Databases are a better fit for this type of task, and below is all the code and instructions you need to conduct a data science project on this survey data. You just pick from any of the fields in the schema and change the questions to what interests you.
Dig into this data science experiment
Let's use Apache Spark and Databricks to convert a CSV file into a data frame, which is similar to an SQL table. It's easier to work with this type of data structure, as almost every programmer understands SQL.
Follow these instructions to install Spark, Databricks and the Kaggle data. These commands are for Linux, but the commands for Mac will be the same. For Windows, follow the instructions of each individual product vendor. However, most data scientists don't use Windows because it doesn't have all the built-in command-line tools that programmers use.

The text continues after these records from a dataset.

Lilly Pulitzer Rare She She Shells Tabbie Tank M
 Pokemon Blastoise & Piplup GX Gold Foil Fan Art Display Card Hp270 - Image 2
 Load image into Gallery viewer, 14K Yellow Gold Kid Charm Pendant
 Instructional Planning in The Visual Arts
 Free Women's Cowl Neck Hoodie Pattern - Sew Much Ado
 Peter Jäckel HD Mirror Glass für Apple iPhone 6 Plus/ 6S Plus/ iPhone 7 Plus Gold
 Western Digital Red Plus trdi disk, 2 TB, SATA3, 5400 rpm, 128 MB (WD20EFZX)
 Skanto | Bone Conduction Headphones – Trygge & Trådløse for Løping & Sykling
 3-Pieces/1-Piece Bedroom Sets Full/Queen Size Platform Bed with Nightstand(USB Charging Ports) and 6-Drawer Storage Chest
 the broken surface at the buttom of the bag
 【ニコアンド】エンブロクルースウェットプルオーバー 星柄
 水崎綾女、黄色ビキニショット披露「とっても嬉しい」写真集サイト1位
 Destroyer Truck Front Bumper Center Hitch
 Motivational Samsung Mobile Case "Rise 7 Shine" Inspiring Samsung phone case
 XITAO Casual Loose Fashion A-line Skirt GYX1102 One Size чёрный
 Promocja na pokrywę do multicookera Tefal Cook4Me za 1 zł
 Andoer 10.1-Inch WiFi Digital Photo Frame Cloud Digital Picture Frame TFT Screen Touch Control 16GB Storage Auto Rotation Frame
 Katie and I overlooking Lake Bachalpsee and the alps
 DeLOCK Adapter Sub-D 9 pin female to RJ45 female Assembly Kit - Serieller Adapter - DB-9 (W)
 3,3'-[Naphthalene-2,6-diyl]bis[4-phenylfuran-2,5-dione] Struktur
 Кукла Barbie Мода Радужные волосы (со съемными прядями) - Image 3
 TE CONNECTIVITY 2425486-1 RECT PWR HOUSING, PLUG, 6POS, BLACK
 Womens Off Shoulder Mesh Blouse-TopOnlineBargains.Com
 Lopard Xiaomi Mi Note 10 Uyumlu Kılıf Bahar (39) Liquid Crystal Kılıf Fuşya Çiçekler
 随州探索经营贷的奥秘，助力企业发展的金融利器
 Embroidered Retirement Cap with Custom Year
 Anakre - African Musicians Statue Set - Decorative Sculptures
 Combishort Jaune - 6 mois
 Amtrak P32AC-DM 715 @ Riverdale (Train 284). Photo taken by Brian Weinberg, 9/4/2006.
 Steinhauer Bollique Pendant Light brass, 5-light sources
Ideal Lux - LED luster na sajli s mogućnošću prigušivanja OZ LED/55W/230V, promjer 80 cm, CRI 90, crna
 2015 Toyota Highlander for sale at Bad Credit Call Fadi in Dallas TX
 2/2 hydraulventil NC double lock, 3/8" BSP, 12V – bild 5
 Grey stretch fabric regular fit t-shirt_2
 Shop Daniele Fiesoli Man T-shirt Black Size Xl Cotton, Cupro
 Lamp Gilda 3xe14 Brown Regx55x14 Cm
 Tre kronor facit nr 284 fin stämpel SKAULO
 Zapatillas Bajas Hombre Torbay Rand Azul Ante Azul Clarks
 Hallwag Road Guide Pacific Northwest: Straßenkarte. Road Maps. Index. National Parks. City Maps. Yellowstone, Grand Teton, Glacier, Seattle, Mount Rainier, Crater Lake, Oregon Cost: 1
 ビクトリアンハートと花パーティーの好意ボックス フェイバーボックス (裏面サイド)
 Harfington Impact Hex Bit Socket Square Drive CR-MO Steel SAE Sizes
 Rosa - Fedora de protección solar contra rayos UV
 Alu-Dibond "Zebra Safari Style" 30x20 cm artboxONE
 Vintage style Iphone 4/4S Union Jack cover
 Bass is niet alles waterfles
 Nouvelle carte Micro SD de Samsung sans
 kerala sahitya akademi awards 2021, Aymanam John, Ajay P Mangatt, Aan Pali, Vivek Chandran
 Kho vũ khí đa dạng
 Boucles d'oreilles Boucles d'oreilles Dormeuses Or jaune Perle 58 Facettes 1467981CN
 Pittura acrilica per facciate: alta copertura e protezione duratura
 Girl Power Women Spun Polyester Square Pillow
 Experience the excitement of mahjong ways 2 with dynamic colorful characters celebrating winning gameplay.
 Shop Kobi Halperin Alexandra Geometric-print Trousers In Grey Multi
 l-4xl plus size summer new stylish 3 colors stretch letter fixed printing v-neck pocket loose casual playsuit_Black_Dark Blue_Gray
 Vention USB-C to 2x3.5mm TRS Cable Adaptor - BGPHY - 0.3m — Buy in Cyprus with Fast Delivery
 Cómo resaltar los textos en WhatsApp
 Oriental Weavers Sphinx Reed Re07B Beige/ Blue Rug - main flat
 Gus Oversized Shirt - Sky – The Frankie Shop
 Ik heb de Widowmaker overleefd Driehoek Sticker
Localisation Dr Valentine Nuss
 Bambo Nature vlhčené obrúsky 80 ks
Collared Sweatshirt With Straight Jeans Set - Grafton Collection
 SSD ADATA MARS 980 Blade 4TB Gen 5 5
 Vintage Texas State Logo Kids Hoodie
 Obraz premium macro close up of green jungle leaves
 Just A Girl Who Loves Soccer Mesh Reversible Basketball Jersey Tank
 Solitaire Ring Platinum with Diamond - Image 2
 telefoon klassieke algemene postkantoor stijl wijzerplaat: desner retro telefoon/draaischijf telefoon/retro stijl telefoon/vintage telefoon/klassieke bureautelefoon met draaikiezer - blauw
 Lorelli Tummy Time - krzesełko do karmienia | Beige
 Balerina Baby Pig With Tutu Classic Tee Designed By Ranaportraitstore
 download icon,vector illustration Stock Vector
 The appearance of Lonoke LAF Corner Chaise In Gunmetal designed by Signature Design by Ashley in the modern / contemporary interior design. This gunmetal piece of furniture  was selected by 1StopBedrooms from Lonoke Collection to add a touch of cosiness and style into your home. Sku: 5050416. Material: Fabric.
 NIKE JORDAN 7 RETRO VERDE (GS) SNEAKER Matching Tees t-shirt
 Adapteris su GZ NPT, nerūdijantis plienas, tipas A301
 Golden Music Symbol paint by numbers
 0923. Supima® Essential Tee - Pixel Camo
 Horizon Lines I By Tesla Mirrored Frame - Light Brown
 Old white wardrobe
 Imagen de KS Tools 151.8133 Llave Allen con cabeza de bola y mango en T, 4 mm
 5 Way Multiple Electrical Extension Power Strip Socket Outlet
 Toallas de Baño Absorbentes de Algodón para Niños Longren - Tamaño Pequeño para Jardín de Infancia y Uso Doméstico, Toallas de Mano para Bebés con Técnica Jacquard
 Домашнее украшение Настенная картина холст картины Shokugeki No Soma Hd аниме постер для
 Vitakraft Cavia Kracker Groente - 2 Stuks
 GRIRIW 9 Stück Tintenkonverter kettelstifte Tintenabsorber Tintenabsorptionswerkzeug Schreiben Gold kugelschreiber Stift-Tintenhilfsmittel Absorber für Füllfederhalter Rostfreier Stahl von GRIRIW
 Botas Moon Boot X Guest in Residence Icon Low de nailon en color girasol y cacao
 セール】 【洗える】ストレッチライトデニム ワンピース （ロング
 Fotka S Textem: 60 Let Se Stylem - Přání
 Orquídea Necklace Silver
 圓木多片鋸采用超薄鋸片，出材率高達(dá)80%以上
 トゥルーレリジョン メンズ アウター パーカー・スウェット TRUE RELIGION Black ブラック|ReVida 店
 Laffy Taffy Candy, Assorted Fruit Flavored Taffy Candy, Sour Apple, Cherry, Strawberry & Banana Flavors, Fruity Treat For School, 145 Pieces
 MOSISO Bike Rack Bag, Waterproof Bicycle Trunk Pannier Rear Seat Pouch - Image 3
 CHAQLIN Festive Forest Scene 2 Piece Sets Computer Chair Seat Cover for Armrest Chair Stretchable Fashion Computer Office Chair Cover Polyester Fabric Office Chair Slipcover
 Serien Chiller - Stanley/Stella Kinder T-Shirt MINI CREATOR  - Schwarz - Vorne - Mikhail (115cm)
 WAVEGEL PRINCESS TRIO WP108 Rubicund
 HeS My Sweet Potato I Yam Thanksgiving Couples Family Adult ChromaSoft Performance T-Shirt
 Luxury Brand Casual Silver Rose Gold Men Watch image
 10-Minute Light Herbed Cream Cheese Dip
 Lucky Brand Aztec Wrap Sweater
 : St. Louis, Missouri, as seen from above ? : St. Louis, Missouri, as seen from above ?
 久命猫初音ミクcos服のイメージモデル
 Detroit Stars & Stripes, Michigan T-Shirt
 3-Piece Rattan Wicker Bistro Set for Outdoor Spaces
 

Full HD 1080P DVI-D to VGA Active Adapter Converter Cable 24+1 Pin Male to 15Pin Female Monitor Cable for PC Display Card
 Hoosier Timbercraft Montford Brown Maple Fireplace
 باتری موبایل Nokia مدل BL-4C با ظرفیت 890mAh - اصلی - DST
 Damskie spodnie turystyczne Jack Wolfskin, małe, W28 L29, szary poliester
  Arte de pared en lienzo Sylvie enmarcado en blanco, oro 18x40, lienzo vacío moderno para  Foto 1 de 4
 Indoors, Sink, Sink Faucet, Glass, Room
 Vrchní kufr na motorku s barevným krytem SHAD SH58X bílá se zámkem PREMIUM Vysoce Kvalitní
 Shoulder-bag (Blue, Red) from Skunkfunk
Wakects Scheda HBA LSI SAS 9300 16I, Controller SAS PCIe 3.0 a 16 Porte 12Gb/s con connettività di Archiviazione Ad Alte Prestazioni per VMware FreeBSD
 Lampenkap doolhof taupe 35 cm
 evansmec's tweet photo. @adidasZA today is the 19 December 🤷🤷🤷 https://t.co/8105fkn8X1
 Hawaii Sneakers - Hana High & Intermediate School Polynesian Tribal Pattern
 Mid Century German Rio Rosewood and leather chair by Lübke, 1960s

These instructions are for Spark version 2.1.1, which was built with Scala version 2.11.8. If you want to use a different version of Spark, you need to use a different version of Databricks.
sudo mkdir /usr/share/spark
sudo wget https://archive.apache.org/dist/spark/spark-2.1.1/spark-2.1.1-bin-hadoop2.7.tgz
sudo tar xvfz spark-2.1.1-bin-hadoop2.7.tgz
Now, download and unzip the data from Kaggle:
Then, download the Databricks JAR file:
Next, you want to run the Spark Scala shell, but first, load the Databricks CSV file parser. Copy the Databricks JAR file and Kaggle data to the same directory so that, when you run the spark-shell command below, you do not need to give it any path directives to tell it where to look for either one.
spark-shell --packages com.databricks:spark-csv_2.11:1.5.0
Copy and paste the following code right into the Spark command-line shell. It only takes three lines of code to read the multipleChoiceResponses.csv text file into the data frame.
val sqlContext = new SQLContext(sc)
val df = sqlContext.read.format("com.databricks.spark.csv").option("header", "true").option("inferSchema", "true").load("multipleChoiceResponses.csv")
Now that we've set up this data science experiment, you can run queries with select(), show() and other data frame commands. Below, we see that the average salary for people working in data science is $70,787 via the mean() data frame function.
You can also show the survey participants' college area of study. Add an integer value, like 3,000, to show() -- otherwise, it will only show the first 20 results. We use groupBy() and count() to collect and count common values, which enables us to see that 2,200 data scientists studied mathematics. Consequently, many programmers struggle with machine learning, and it helps to have knowledge of multivariable calculus, linear algebra and statistics.
You can also sort which computer programming language you should learn first. Python is the most popular language. Spark is written in Scala, another helpful language to learn. While Scala is far more complicated than Python, many programmers write in Scala because it is a functional language -- meaning it is written like math equations.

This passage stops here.